The incident response plan allows Edwards to activate resources from the Louisiana National Guard, Louisiana State Police, and the Office of Technology Services in the event of an attack.
But Edwards was honest about areas where the state struggled and spoke about how Louisiana dealt with a major cyberattack on a series of schools in 2019.
The state committee had not even tested out its incident response plan when it was hit with the cyberattack in the summer of 2019, right before schools were getting ready to open for the year.
"I believe that if the cyber commission had not developed the plan, we would not have been able to respond as well as we did," he noted, adding that five of the state's K-12 schools were hit badly and lost their entire network.
As news outlets noted at the time, Edwards activated the state's cyber incident response plan, called the Emergency Support Function 17, for the first time after multiple school districts were hit, including the Tangipahoa Parish school district as well as the Sabine, Morehouse, and Ouachita parishes. The Lafayette Parish School System was forced to cut off all internet and phone connections to central offices as a way to mitigate the damage, according to The Advocate.
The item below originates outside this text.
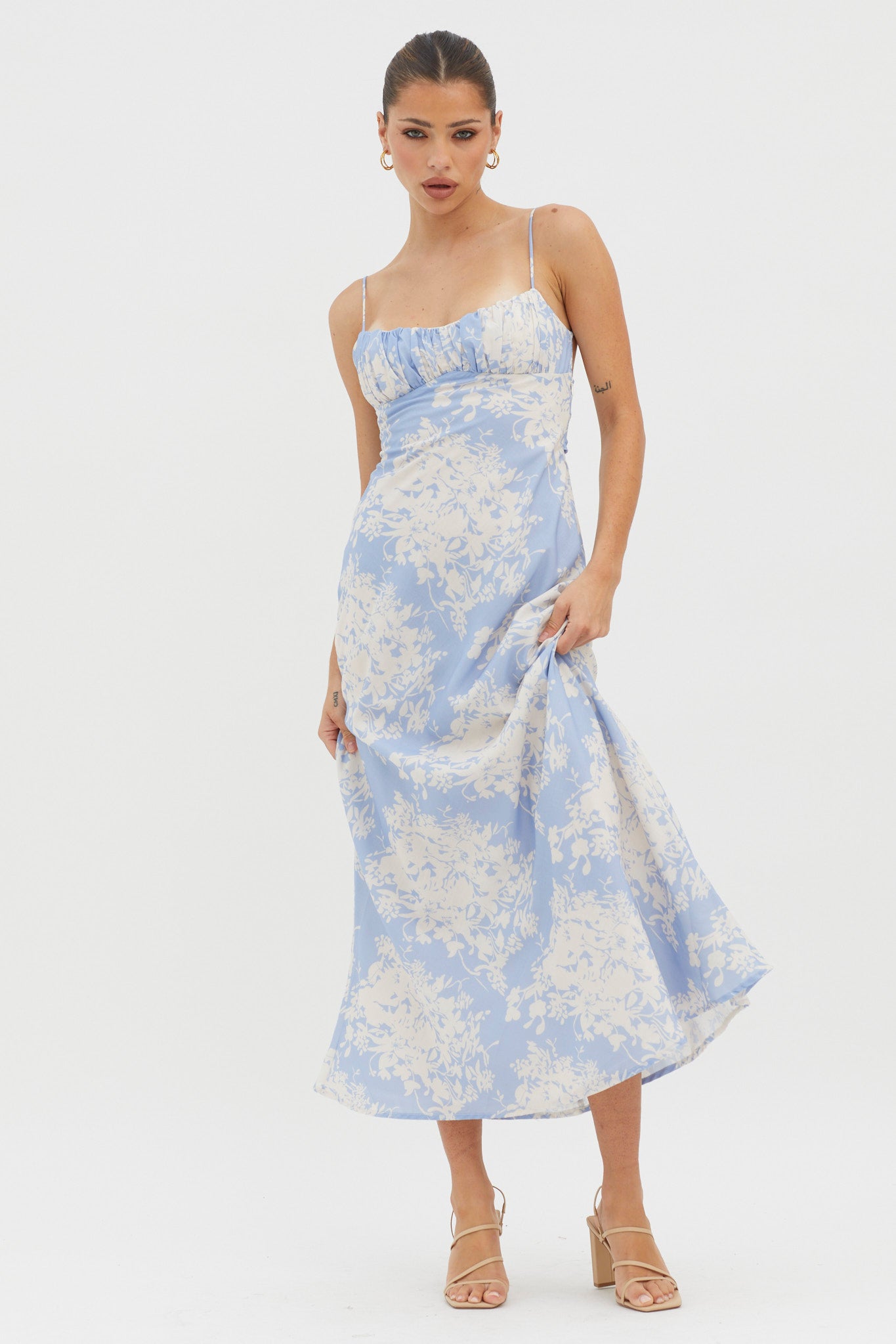 Shop the Nerida Twist Back Midi Dress Floral Blue | Selfie Leslie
"Three North Louisiana school districts reported last week that cyberattacks had shut down their district phone lines and locked and encrypted school system data. As a precautionary measure, we have shut down the IP phone connections at all of our offices, including schools, Central Office, and our registration center so the team can mitigate any potential spread of the malware," Tangipahoa School Superintendent Melissa Stilley said in a statement at the time.
While it is still unclear who was behind the attack, it took place right as schools were beginning orientations, placement exams, and registrations ahead of the start of the school year.
At the time, at least five other cities across the country faced ransomware attacks that crippled government systems.
"I declared a state of emergency and began executing the playbook. It was the first time in Louisiana's history that a cyberattack was addressed like a disaster. We activated state police, the office of technology services, and the national guard cyber team."
The quick response allowed state officials to help the five schools recover but also limited the damage at seven other schools, and Edwards said that with the help of the National Guard, all of the schools were able to open on time.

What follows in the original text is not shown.